**Problem statement:**
Produce the same data once more, line for line.

........

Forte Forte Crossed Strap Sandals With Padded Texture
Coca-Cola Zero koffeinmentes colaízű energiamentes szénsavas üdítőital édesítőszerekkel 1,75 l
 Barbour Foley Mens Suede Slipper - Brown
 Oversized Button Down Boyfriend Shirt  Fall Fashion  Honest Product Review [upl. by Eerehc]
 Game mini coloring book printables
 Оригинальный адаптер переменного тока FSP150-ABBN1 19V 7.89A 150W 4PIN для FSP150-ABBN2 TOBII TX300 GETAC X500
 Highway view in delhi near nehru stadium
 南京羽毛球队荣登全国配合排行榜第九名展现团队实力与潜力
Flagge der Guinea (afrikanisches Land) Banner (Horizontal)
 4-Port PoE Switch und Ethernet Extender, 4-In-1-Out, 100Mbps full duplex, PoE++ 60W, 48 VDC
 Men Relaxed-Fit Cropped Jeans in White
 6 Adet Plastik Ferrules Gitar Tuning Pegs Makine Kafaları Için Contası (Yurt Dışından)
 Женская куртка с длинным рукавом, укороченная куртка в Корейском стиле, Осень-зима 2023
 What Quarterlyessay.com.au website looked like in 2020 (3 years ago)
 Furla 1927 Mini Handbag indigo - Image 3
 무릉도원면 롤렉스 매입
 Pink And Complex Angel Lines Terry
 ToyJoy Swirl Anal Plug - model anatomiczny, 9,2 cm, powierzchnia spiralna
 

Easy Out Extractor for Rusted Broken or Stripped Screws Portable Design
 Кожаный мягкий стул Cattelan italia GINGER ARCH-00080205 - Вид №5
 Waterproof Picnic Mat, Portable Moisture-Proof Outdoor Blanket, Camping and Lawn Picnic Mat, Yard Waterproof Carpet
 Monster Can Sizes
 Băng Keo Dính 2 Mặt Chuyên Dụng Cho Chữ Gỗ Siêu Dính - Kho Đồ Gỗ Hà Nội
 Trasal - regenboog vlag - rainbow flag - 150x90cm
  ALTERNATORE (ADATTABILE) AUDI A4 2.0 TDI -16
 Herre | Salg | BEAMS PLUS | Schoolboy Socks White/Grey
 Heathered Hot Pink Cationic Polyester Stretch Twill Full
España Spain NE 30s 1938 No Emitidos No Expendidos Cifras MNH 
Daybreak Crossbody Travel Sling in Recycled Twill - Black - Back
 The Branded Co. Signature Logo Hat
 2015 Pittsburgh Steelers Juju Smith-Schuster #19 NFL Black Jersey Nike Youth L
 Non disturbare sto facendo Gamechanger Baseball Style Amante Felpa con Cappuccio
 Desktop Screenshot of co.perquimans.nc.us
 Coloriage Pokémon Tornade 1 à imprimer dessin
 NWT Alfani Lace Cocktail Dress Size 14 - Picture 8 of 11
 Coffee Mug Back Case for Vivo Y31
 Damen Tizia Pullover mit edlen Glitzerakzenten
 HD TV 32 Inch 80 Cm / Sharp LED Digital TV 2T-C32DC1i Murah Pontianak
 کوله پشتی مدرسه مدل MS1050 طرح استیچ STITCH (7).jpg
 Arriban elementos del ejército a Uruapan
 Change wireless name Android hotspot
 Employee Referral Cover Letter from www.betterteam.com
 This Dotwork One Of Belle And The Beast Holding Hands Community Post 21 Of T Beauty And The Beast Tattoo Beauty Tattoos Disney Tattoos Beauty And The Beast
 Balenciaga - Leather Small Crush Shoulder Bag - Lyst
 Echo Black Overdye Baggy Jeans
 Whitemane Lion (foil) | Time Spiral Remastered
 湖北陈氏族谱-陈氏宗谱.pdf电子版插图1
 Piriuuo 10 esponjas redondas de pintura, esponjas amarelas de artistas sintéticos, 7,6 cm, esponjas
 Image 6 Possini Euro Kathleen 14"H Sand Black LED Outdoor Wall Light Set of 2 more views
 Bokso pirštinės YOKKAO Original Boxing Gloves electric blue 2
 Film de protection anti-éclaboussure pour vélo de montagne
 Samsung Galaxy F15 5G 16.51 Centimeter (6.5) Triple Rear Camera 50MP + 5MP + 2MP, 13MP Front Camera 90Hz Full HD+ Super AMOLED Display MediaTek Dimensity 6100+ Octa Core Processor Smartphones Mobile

........

**Finished task:**
Forte Forte Crossed Strap Sandals With Padded Texture
Coca-Cola Zero koffeinmentes colaízű energiamentes szénsavas üdítőital édesítőszerekkel 1,75 l
 Barbour Foley Mens Suede Slipper - Brown
 Oversized Button Down Boyfriend Shirt  Fall Fashion  Honest Product Review [upl. by Eerehc]
 Game mini coloring book printables
 Оригинальный адаптер переменного тока FSP150-ABBN1 19V 7.89A 150W 4PIN для FSP150-ABBN2 TOBII TX300 GETAC X500
 Highway view in delhi near nehru stadium
 南京羽毛球队荣登全国配合排行榜第九名展现团队实力与潜力
Flagge der Guinea (afrikanisches Land) Banner (Horizontal)
 4-Port PoE Switch und Ethernet Extender, 4-In-1-Out, 100Mbps full duplex, PoE++ 60W, 48 VDC
 Men Relaxed-Fit Cropped Jeans in White
 6 Adet Plastik Ferrules Gitar Tuning Pegs Makine Kafaları Için Contası (Yurt Dışından)
 Женская куртка с длинным рукавом, укороченная куртка в Корейском стиле, Осень-зима 2023
 What Quarterlyessay.com.au website looked like in 2020 (3 years ago)
 Furla 1927 Mini Handbag indigo - Image 3
 무릉도원면 롤렉스 매입
 Pink And Complex Angel Lines Terry
 ToyJoy Swirl Anal Plug - model anatomiczny, 9,2 cm, powierzchnia spiralna
 

Easy Out Extractor for Rusted Broken or Stripped Screws Portable Design
 Кожаный мягкий стул Cattelan italia GINGER ARCH-00080205 - Вид №5
 Waterproof Picnic Mat, Portable Moisture-Proof Outdoor Blanket, Camping and Lawn Picnic Mat, Yard Waterproof Carpet
 Monster Can Sizes
 Băng Keo Dính 2 Mặt Chuyên Dụng Cho Chữ Gỗ Siêu Dính - Kho Đồ Gỗ Hà Nội
 Trasal - regenboog vlag - rainbow flag - 150x90cm
  ALTERNATORE (ADATTABILE) AUDI A4 2.0 TDI -16
 Herre | Salg | BEAMS PLUS | Schoolboy Socks White/Grey
 Heathered Hot Pink Cationic Polyester Stretch Twill Full
España Spain NE 30s 1938 No Emitidos No Expendidos Cifras MNH 
Daybreak Crossbody Travel Sling in Recycled Twill - Black - Back
 The Branded Co. Signature Logo Hat
 2015 Pittsburgh Steelers Juju Smith-Schuster #19 NFL Black Jersey Nike Youth L
 Non disturbare sto facendo Gamechanger Baseball Style Amante Felpa con Cappuccio
 Desktop Screenshot of co.perquimans.nc.us
 Coloriage Pokémon Tornade 1 à imprimer dessin
 NWT Alfani Lace Cocktail Dress Size 14 - Picture 8 of 11
 Coffee Mug Back Case for Vivo Y31
 Damen Tizia Pullover mit edlen Glitzerakzenten
 HD TV 32 Inch 80 Cm / Sharp LED Digital TV 2T-C32DC1i Murah Pontianak
 کوله پشتی مدرسه مدل MS1050 طرح استیچ STITCH (7).jpg
 Arriban elementos del ejército a Uruapan
 Change wireless name Android hotspot
 Employee Referral Cover Letter from www.betterteam.com
 This Dotwork One Of Belle And The Beast Holding Hands Community Post 21 Of T Beauty And The Beast Tattoo Beauty Tattoos Disney Tattoos Beauty And The Beast
 Balenciaga - Leather Small Crush Shoulder Bag - Lyst
 Echo Black Overdye Baggy Jeans
 Whitemane Lion (foil) | Time Spiral Remastered
 湖北陈氏族谱-陈氏宗谱.pdf电子版插图1
 Piriuuo 10 esponjas redondas de pintura, esponjas amarelas de artistas sintéticos, 7,6 cm, esponjas
 Image 6 Possini Euro Kathleen 14"H Sand Black LED Outdoor Wall Light Set of 2 more views
 Bokso pirštinės YOKKAO Original Boxing Gloves electric blue 2
 Film de protection anti-éclaboussure pour vélo de montagne
 Samsung Galaxy F15 5G 16.51 Centimeter (6.5) Triple Rear Camera 50MP + 5MP + 2MP, 13MP Front Camera 90Hz Full HD+ Super AMOLED Display MediaTek Dimensity 6100+ Octa Core Processor Smartphones Mobile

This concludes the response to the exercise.